In Section 113(1) under Income Tax Act explains that any person who makes an incorrect return by omitting, understating any income or gives any incorrect information where in relation to any matter affects his own chargeability to tax or any other person. As stated in the law, the taxpayers who have submitted an incorrect return will be liable to a fine of not less than RM 1,000 and not more than RM 10,000 and also shall pay a special penalty of double the amount of tax that has been undercharged in the consequence of the incorrect return or for incorrect information and no imprisonment.
Those penalties will be a courage for the taxpayers for not to submit an incorrect return or incorrect information. This is because those penalties are an extra burden for the taxpayers. Providing an incorrect return and incorrect information will also burden the IRB, for them to come with a report for the year. Therefore as a resident of Malaysia, we should avoid ourselves from submitting an incorrect return and incorrect information to the IRB.

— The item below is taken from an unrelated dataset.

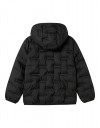 Μαύρο παιδικό μπουφάν Name It αγορίστικο Παιδικό μαύρο μπουφάν Name It για αγόρια 8-14 ετών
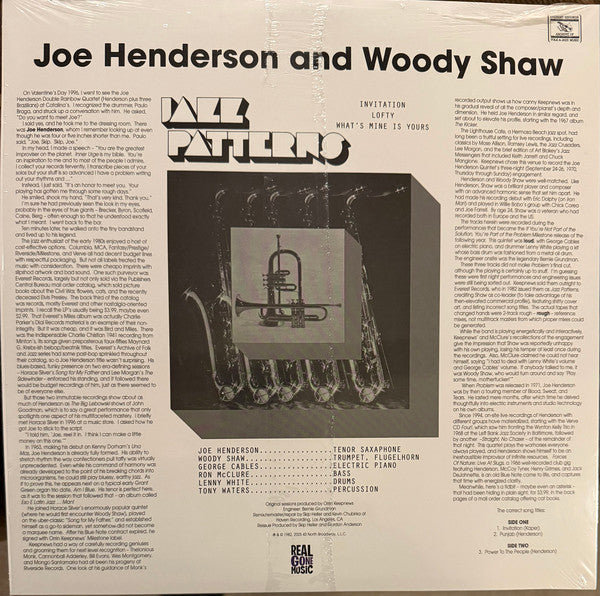 Jazz Patterns - Henderson, Joe / Shaw, Woody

Thus, we also have to play a part in developing our country. The higher is the penalty rate the greater the discouragement for potential tax evasion. There was a few studies has been carried out, and they summarized that penalty rates impact upon tax compliance behavior. When the taxpayers are aware of the offences that they are committing when evading tax and the consequences of being a non-compliant taxpayers, therefore they might reduce their tendency to evade tax.

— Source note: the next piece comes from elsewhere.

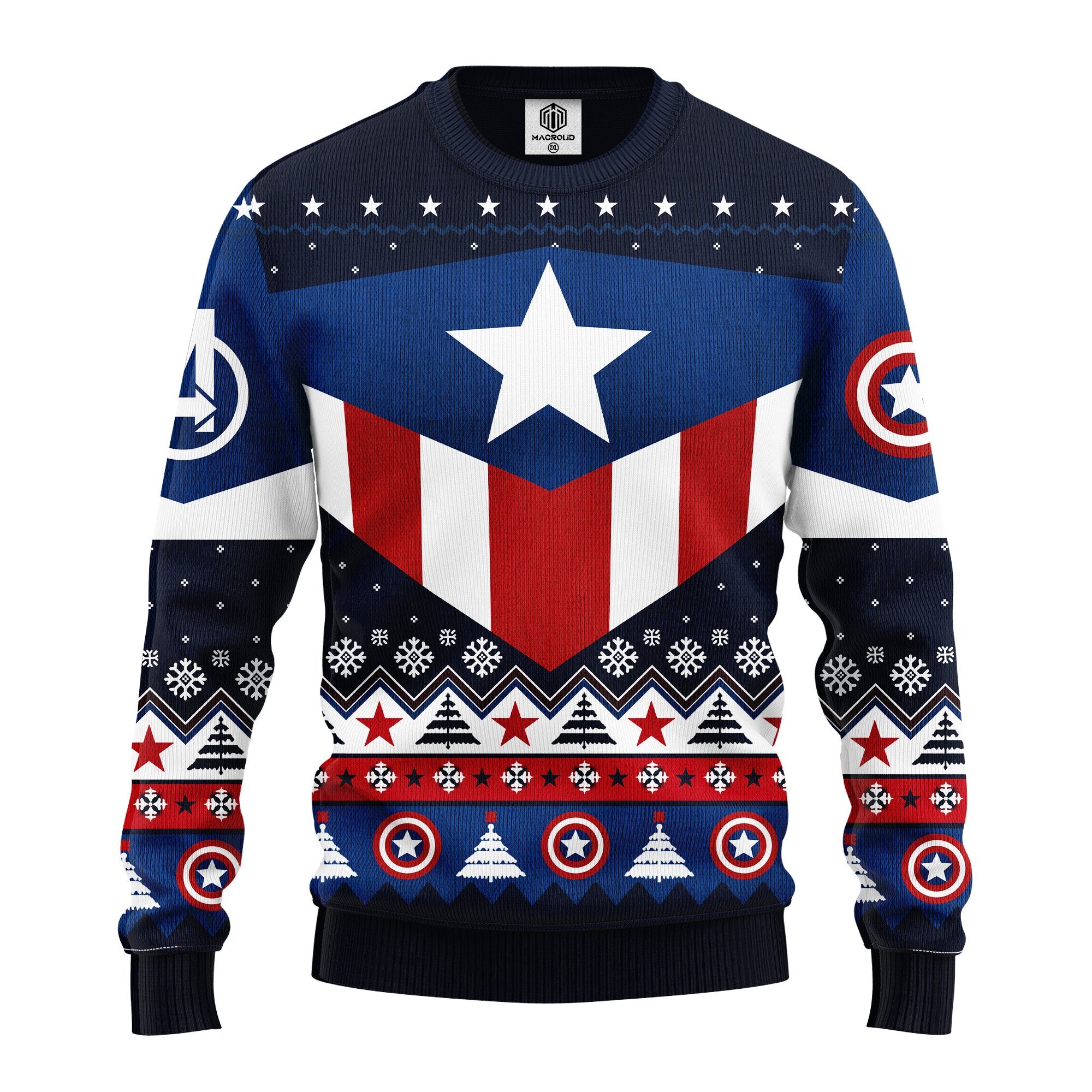 Captain America Ugly Christmas Sweater Amazing Gift Idea Thanksgiving Gift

As stated in Section 114 (1) Malaysian Income Tax Act, which explains that any person who willfully and with intent to evade or assist any other person to evade tax, will be liable to a fine of not less than RM 1,000 and not more than RM 20,000 or to imprisonment for a term which is not exceeding 3 years or to both, and also shall pay a special penalty of treble the amount of tax uncharged. This section in the act, seems to be a big burden for those who willful the evasion. The awareness of the penalties for the offences, will help the taxpayers to not against the laws and always ensures the proper compliances.

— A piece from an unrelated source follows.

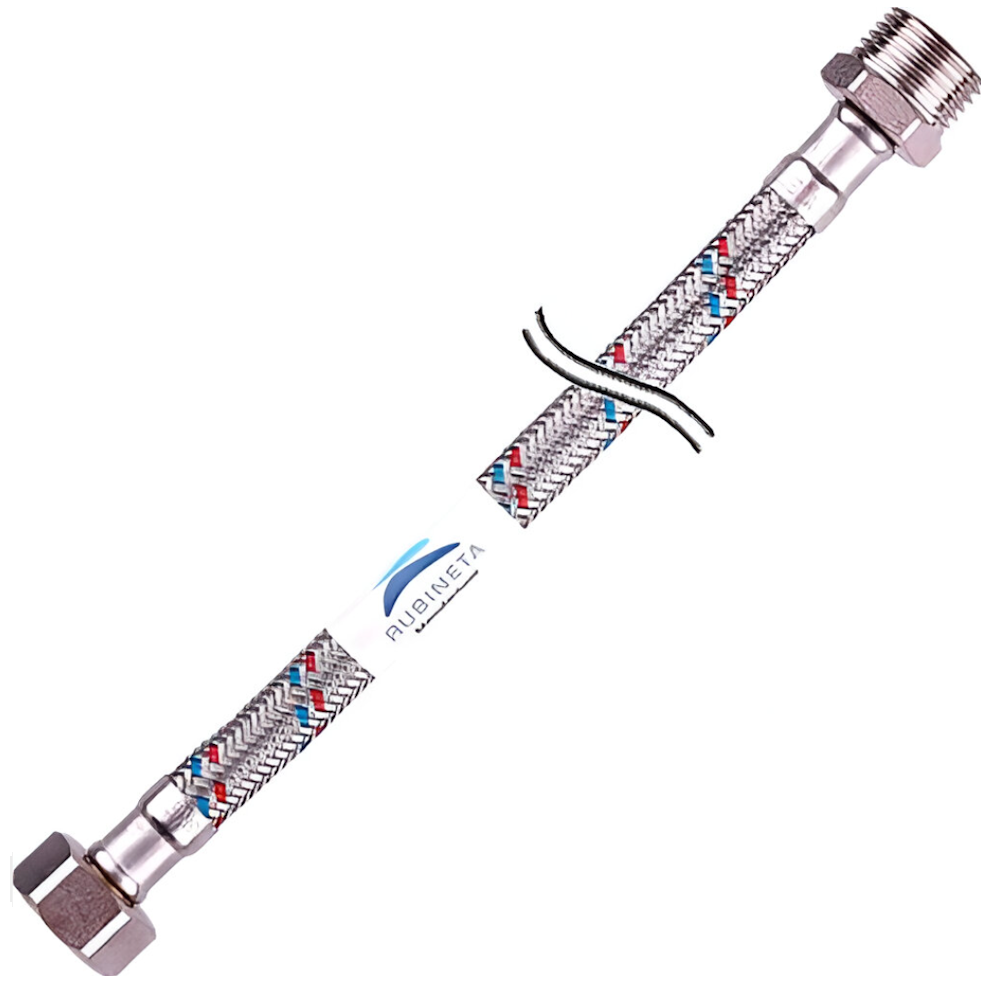Шланг водопроводный Rubineta ЗВ 1/2x1/2" 150 см (AKV-611150)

In conclusion, the provision for penalties and offences under the Malaysian Income Tax Act 1965 help to ensures proper compliance by taxpayers with tax laws. Imposing the penalties is the most effective way to ensure the proper compliance. The taxpayers must be co-operative, well-mannered, fair, and honest with high integrity. They should also provide all reasonable facilities and assistance to enable the audit office to carry out his duties as it has outlined in Public Ruling No. 7/2000.